TASK DETAILS
Using the data below, set down every line from the one containing "These are all" through the one containing "Finally, with students", inclusive and unchanged. Pictures are to be skipped.

MATERIAL FOR THIS TASK
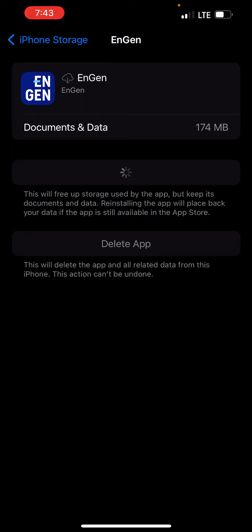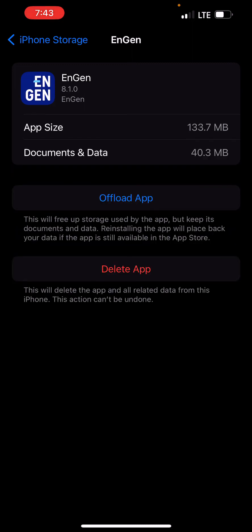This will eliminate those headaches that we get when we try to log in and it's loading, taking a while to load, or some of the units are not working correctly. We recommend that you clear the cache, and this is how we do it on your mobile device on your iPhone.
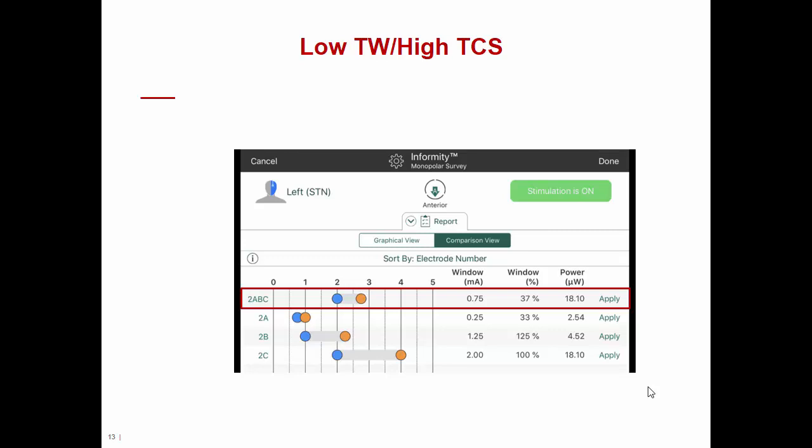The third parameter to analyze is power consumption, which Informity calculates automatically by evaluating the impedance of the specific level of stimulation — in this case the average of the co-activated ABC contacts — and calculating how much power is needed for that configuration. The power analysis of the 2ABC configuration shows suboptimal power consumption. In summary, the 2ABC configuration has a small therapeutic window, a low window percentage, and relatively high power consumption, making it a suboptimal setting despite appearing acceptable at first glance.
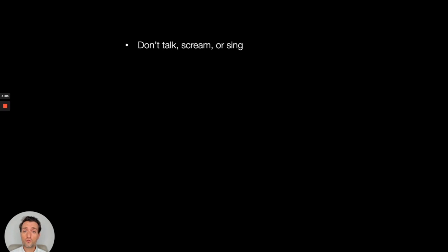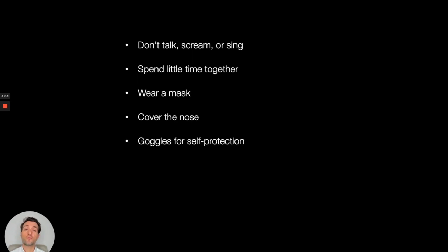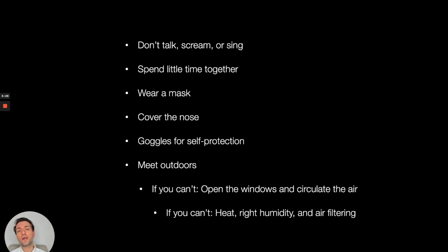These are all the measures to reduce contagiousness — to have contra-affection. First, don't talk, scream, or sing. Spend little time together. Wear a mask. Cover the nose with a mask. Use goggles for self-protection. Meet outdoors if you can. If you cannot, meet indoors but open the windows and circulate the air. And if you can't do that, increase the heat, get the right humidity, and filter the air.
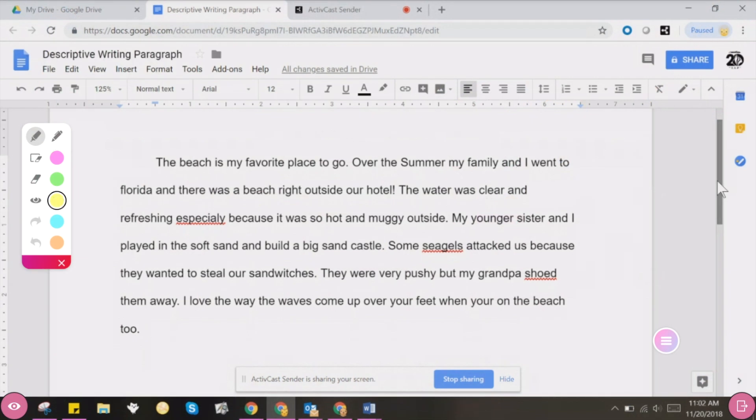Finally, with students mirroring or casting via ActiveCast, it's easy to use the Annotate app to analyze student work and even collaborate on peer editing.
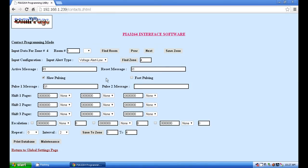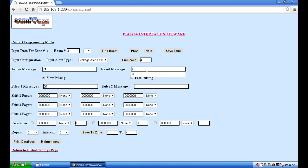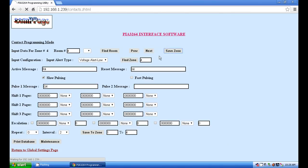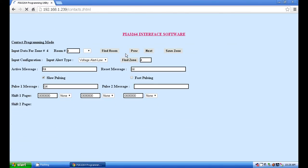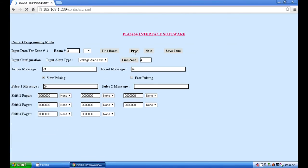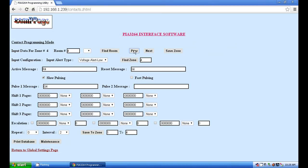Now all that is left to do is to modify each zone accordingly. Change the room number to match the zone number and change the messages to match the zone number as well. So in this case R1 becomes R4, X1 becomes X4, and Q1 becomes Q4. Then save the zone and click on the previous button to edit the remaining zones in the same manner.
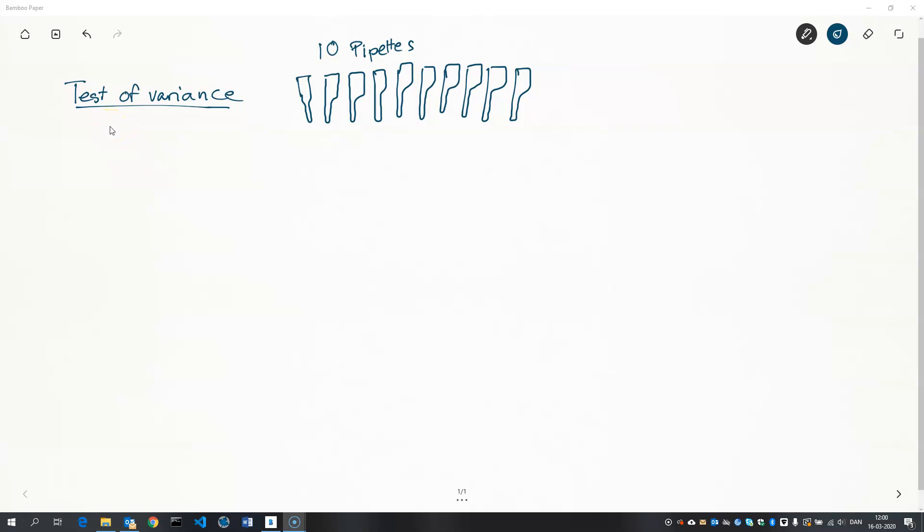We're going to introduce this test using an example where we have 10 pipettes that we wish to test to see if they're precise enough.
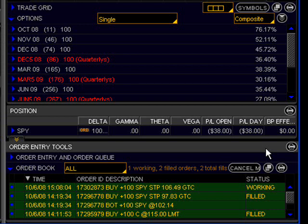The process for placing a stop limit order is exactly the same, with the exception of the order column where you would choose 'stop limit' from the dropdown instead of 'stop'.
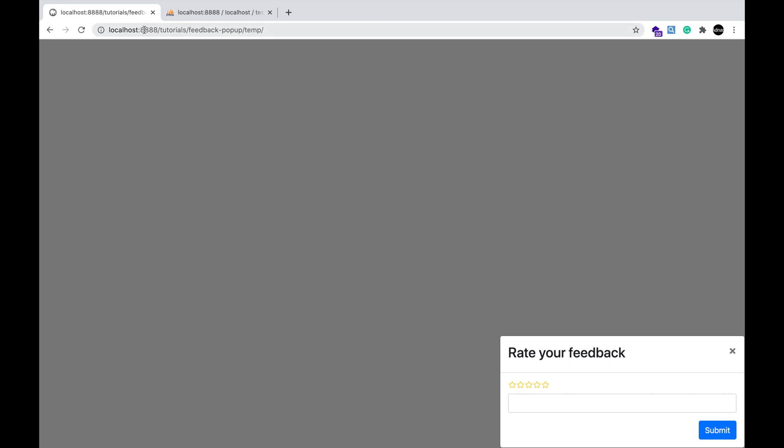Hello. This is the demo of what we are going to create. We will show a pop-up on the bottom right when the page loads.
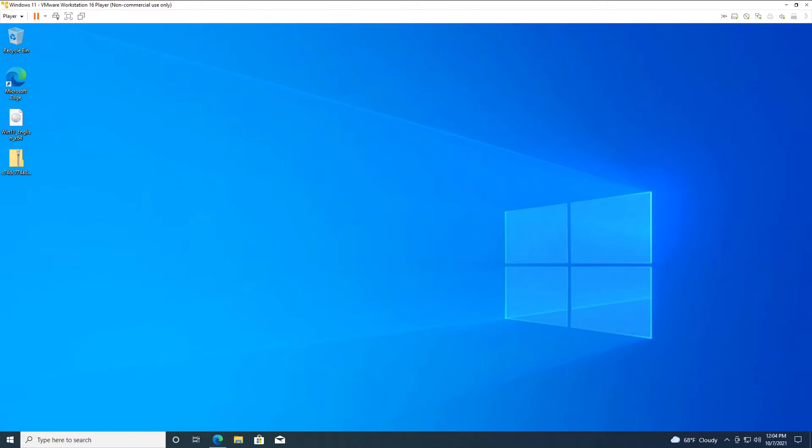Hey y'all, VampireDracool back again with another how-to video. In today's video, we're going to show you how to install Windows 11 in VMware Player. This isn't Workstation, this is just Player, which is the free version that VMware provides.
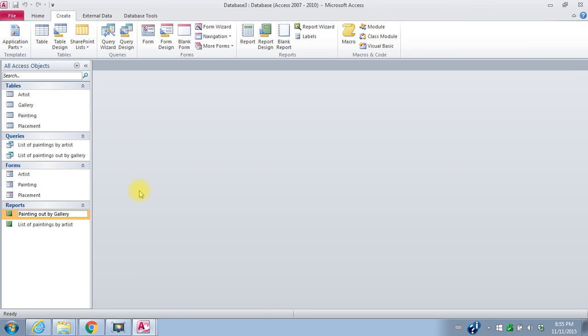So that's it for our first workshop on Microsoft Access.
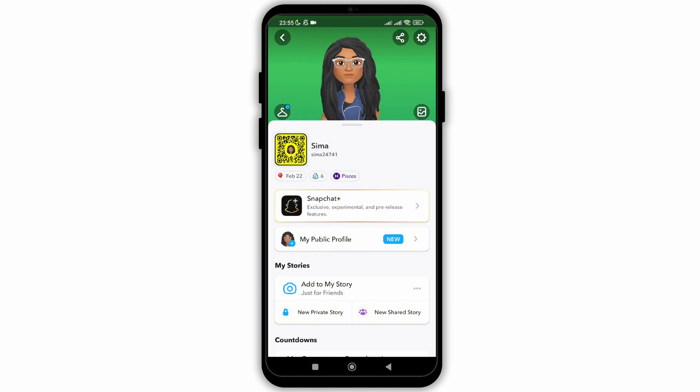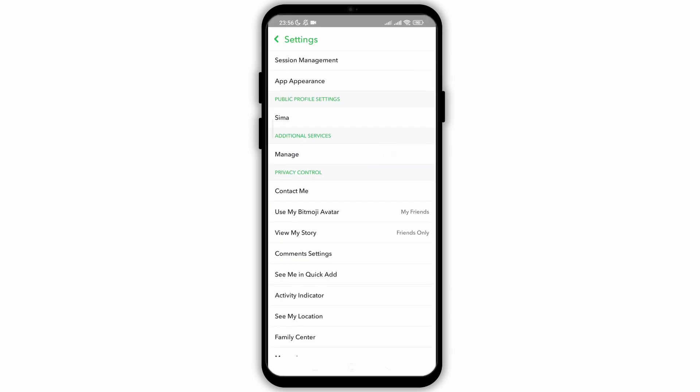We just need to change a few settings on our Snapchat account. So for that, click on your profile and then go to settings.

RESPONSE
These are all the measures to reduce contagiousness — to have contra-affection. First, don't talk, scream, or sing. Spend little time together. Wear a mask. Cover the nose with a mask. Use goggles for self-protection. Meet outdoors if you can. If you cannot, meet indoors but open the windows and circulate the air. And if you can't do that, increase the heat, get the right humidity, and filter the air.
Finally, with students mirroring or casting via ActiveCast, it's easy to use the Annotate app to analyze student work and even collaborate on peer editing.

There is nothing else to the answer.